Admissions Procedures and Requirements
Applicants for the Graduate Certificate in Deaf Studies must complete the application procedures and meet the requirements for graduate study at Gallaudet University.
Program Specific Requirements:
Summary of Requirements
Graduate Certificate students may take the following courses, adding up to 18 credits. They may take any courses totaling 18 credits from this list. All courses are three credits.
(Note: a student must take all 18 credits from the Certificate Program, and cannot use these credits toward another degree.)
Courses
The course serves as an introduction to graduate study in Deaf Studies. Students are guided in reflecting on the past, present, and future of Deaf Studies scholarship. Exploring the historical trends and debates in Deaf Studies, we seek out foundational questions about deaf lives and communities, including identities, power, culture, and framing from interdisciplinary perspectives. Leading with stories and lived experiences, students connect theory with practice in preparation for subsequent courses within the Deaf Studies Master's Program. The course also aims to develop critical reading and writing skills important to graduate level scholarship.
Matriculated in DST MA Program
This course begins by exploring key issues faced by minority language communities, with special emphasis on the world's linguistic diversity, language endangerment, and revitalization. After gaining a broad understanding of the dynamic intersections of language, culture and power, students will examine the historical role of language ideologies relating to signed languages, beginning with classical thought and continuing through the formation of deaf education in the 18th century and the medicalization of deaf bodies in the 19th and 20th centuries. In the end, students should be able to identify and explain intersections of philosophical, linguistic, educational, medical, scientific, and anthropological discourses which influenced the vitality of sign languages and deaf communities in the 21st century. Developing awareness of this phonocentric heritage helps to equip students in developing strategies for linguistic and cultural revitalization of sign languages and deaf communities.
This course is designed as a thorough exploration of the literary practices influenced by cultural traditions in the deaf community. Attention will be given to the unique face-to-face nature of signed literature and its numerous traditional forms as well different types of cultural productions, including online media. Students will become versed in the stylistics, poetics, and cultural contexts of signed literature in its live as well as video-text formats.
This class will explore the historical, medical, social, political, philosophical, and cultural influences that have constructed the categories of ''normalcy'', ''disability'' and ''deafness''. Building on the writing of Michel Foucault and critical work in the field of disability studies, this course will inquire into the institutions that have enforced standards of normalcy, throughout the nineteenth and twentieth centuries to the present. Primary attention will be paid to the rise of medical authority in the West, the history of eugenics, and contemporary bioethical issues confronting disability and deaf communities.

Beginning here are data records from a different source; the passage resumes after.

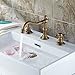 Ollypulse Double Cross Handles High Arc Widespread Bathroom Sink Faucet (Antique Brass)
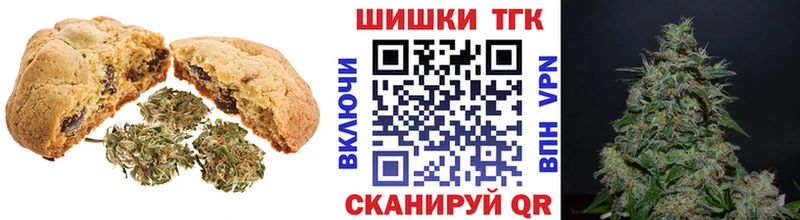 закладки  Новозыбков  hydra ONION  Еда ТГК марихуана 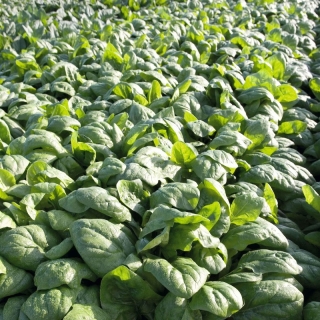 Шпинат Обильнолистный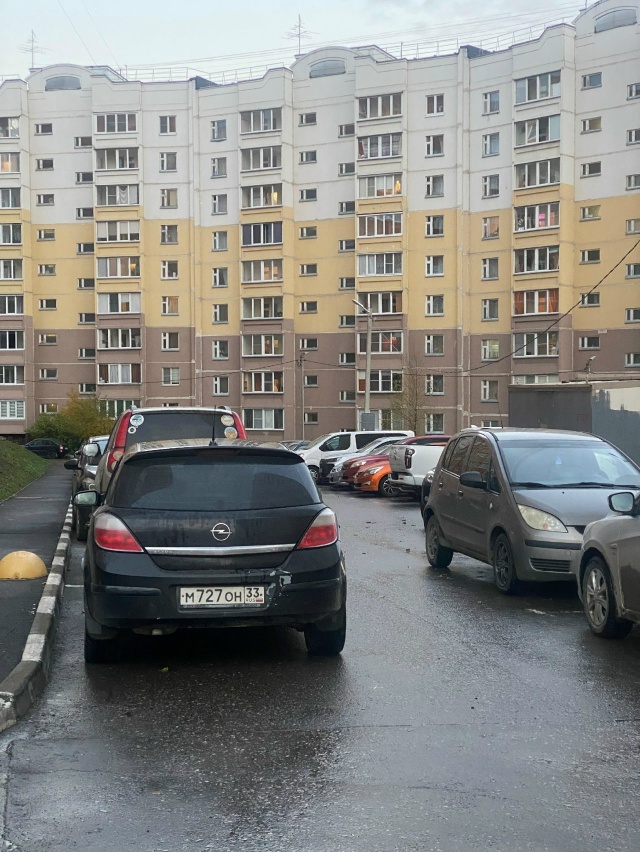 Чем руководствуются данные умственно-отстающие особи,...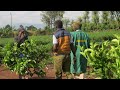 Profitable Integrated Cash Crop Farming in Kenya #JoscoFarmZiwa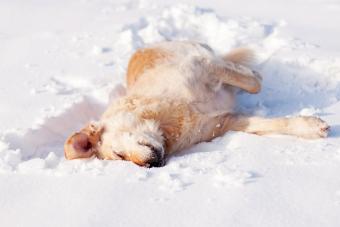 https://cf.ltkcdn.net/www/images/slide/350139-850x566-golden-retriever-in-the-snow-182429550.jpg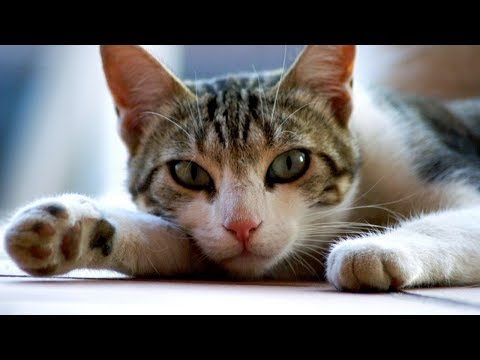 How to Slow Down a Cat Who Eats Too Fast - Using Alternative Feeding Techniques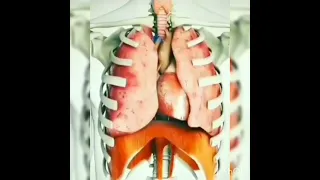 Mechanism of Respiration (Animation)during inspiration and expiration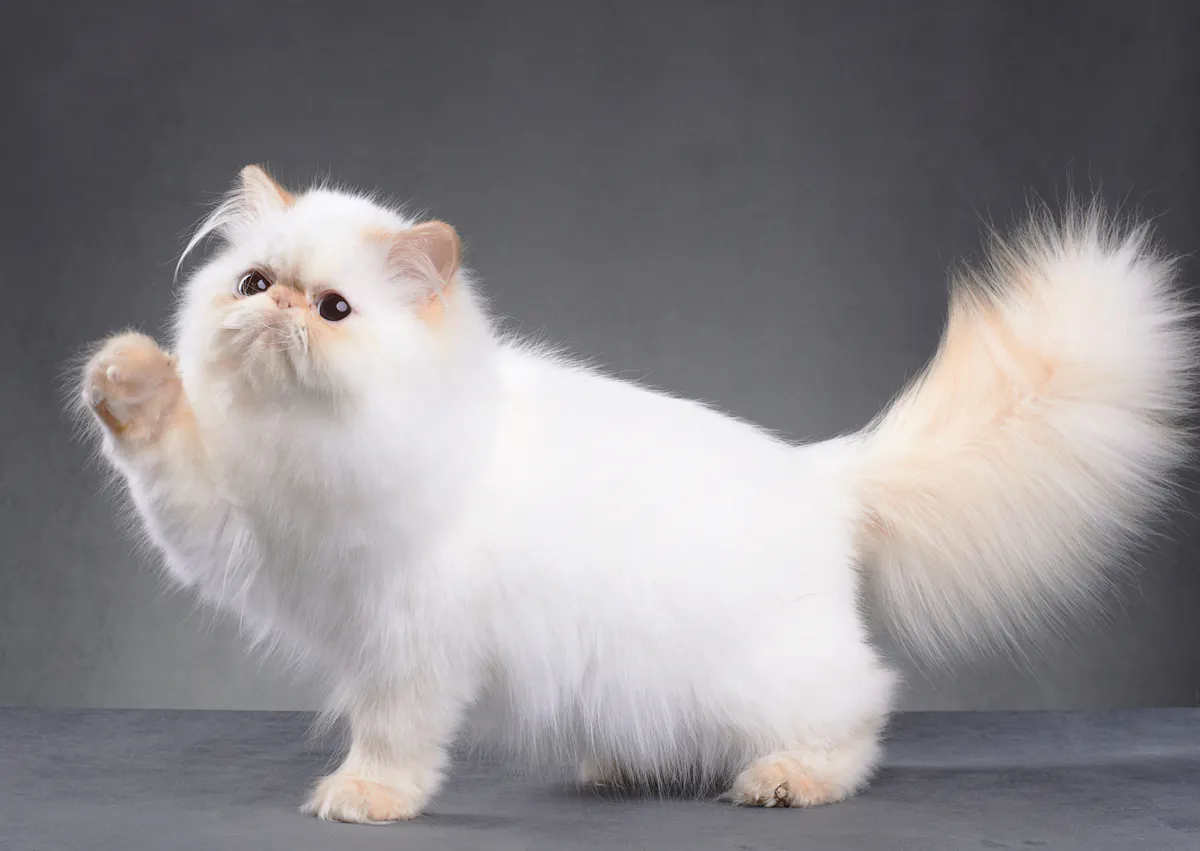 Persan blanc, il est debout et lève une de ses pattes avant, il regard evers le haut 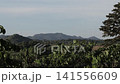 Timelapse of scenic green mountain range and tropical forest under clear blue sky. Bright daytime nature landscape. 141556609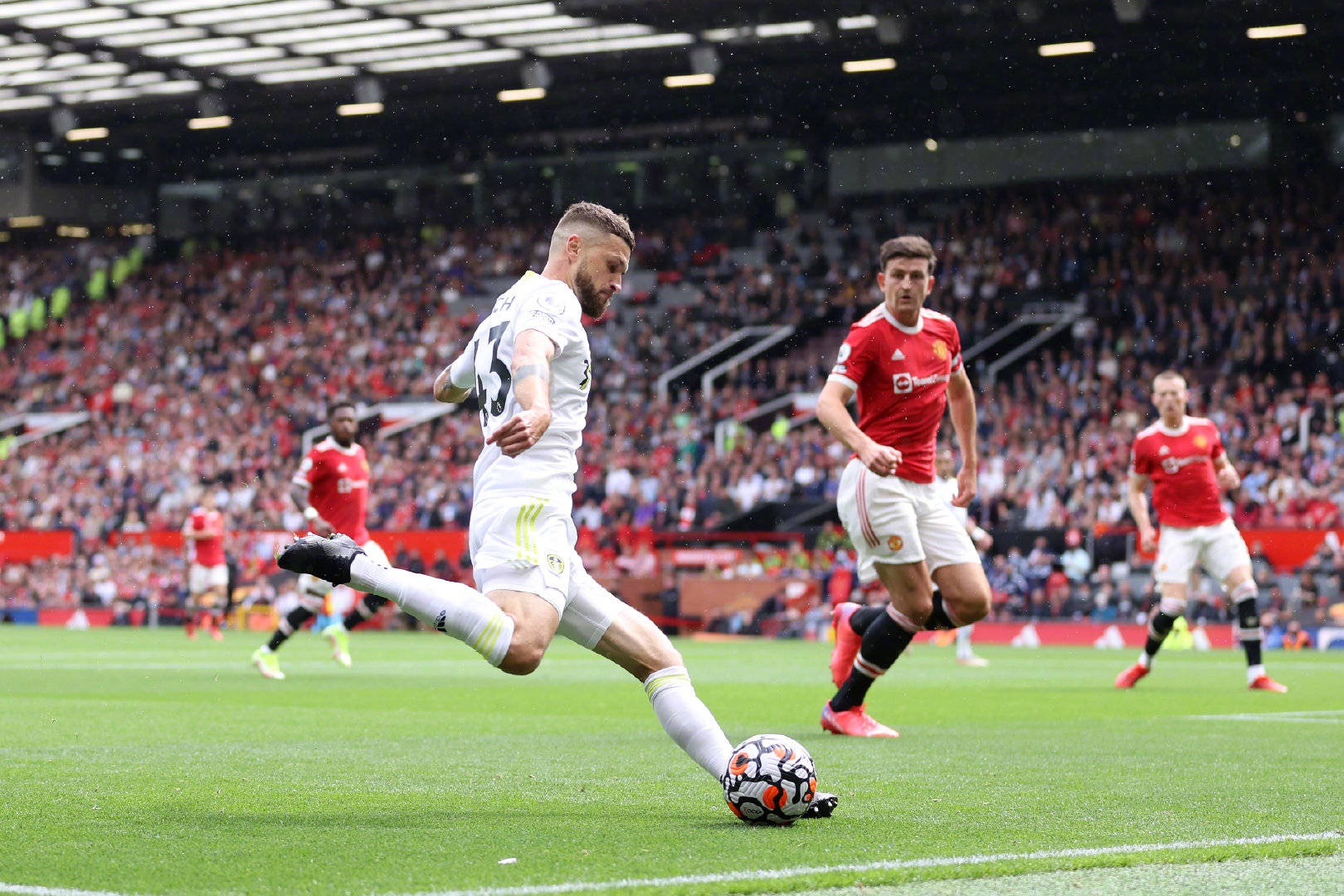 忠诚卫士和 忠诚卫士和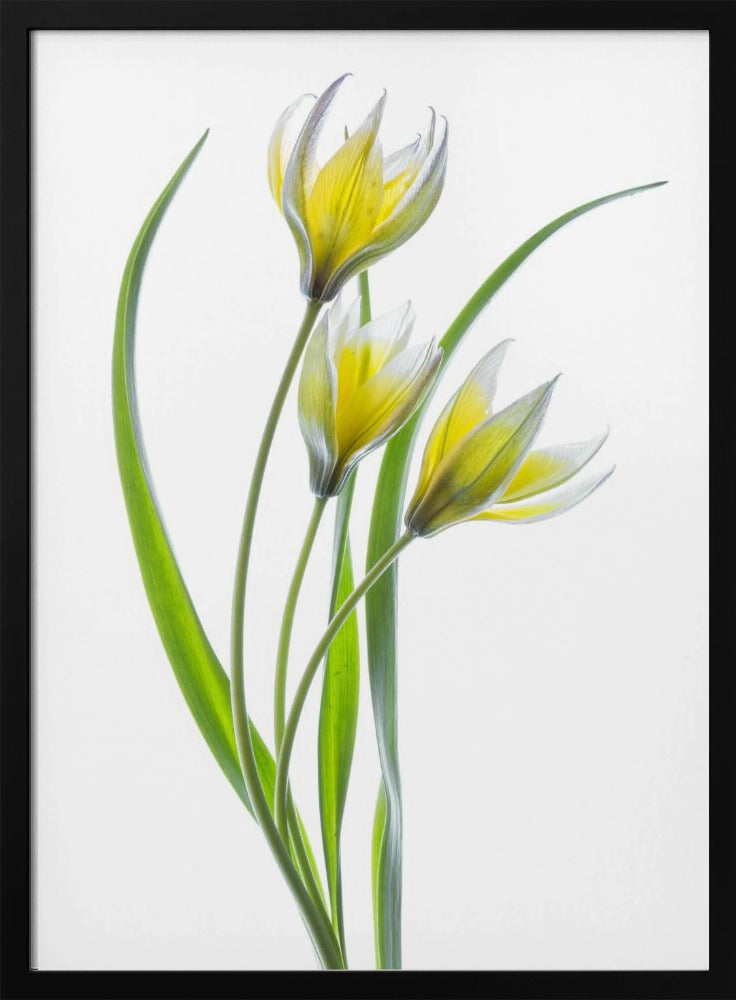 ~~Tulipa~~ | Poster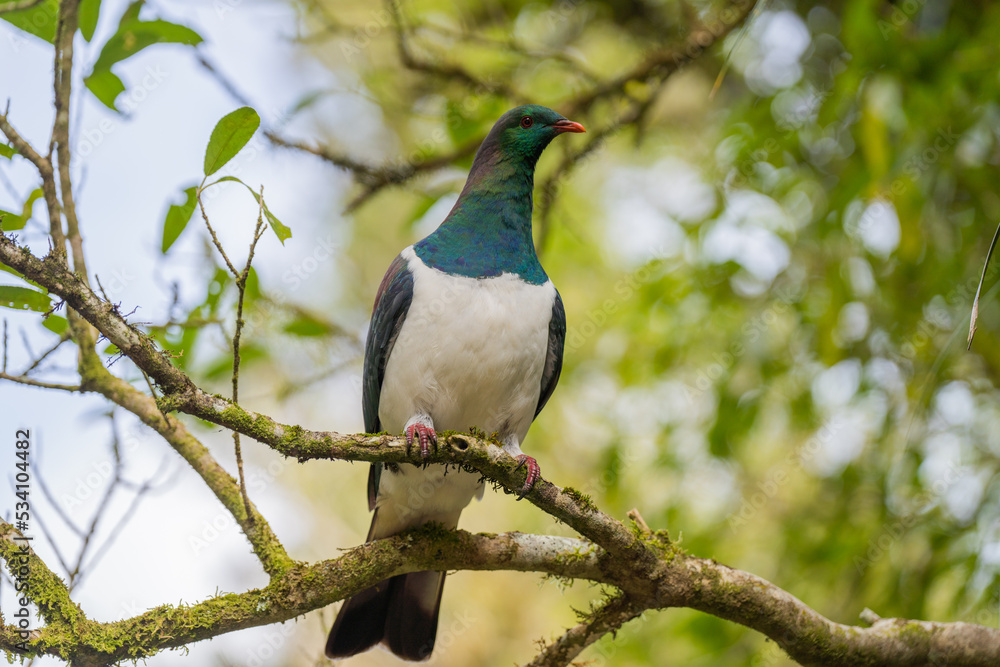Native New Zealand Wood Pigeon (Kereru) Standing on a Branch in a Tree
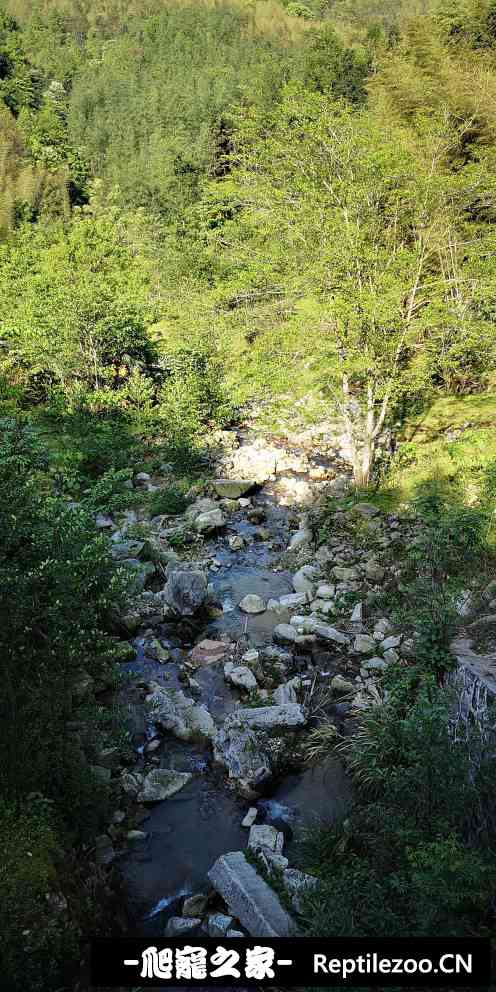 143053zjnzggo0111qj2kj.jpg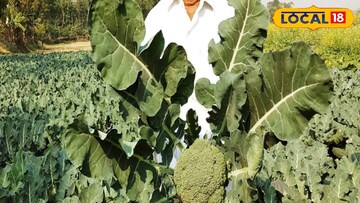 সুন্দরবনের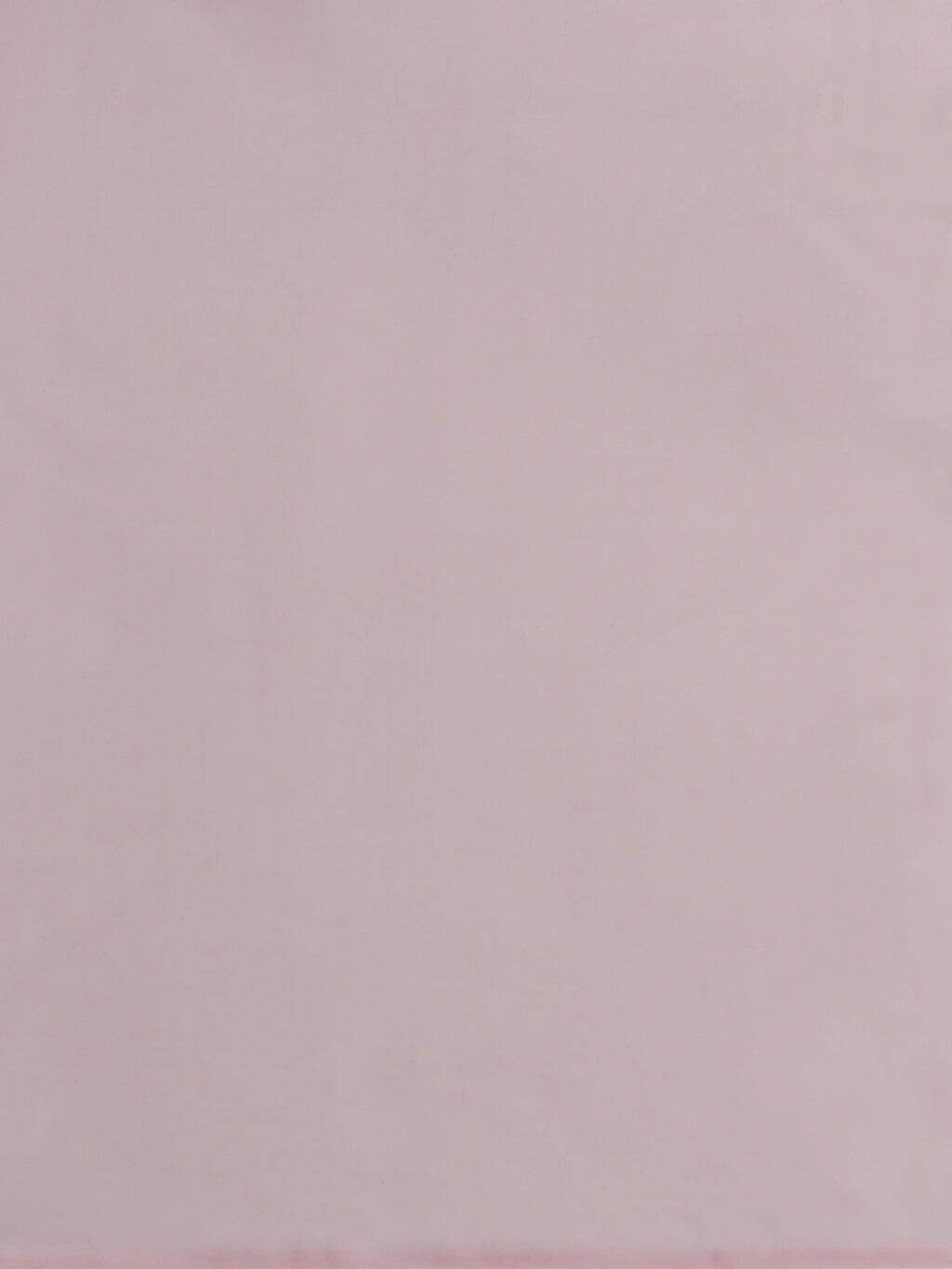 Mauve Saree - Image 4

This course focuses on further analysis of relevant laws and policies when it comes to sign language rights, particularly for young Deaf children. Topics include legislative process, regulations writing, power of position statements/policy papers, analysis of federal and state laws. The benefits of mobilization and sociopolitics including the use of framing in media will also be discussed.
Matriculation in the Deaf Studies program
This course links theory with debates and issues central to contemporary deaf lived experiences situated in locations throughout the world. This course draws from foundational texts in the social sciences and humanities, as well as more recent theoretical directions and avenues of inquiry in Deaf Studies. Throughout this course, we will consider major theoretical perspectives as they have been applied in Deaf Studies. These perspectives will be discussed in terms of their historical precedents and their applicability to contemporary deaf lived experiences. Our aim is to understand the ways in which Deaf Studies scholars use specific concepts, their paths of inquiry and methodology, as well as contemplate future directions for scholarship in Deaf Studies. We will keep returning to the same question: where is-or could be-Deaf Studies today and how does-or could it-work as critique? In short, we will be critiquing Deaf Studies and thinking of it as critique in itself.
Permission of the Department
This course investigates the role of vision and the senses, sensory practices and sensory politics in the deaf community through its visual-tactile nature. By drawing on new theoretical approaches in the study of the senses, this course will explore representations and visual culture, the theory and the politics of sensory perceptions; and the cultural practices of architecture, museums, memorials, film, video, sign literature and resistance art. Through discussions, projects, and presentations, students will gain and articulate a critical understanding of the role of the senses in art and deaf space within a phonocentric world.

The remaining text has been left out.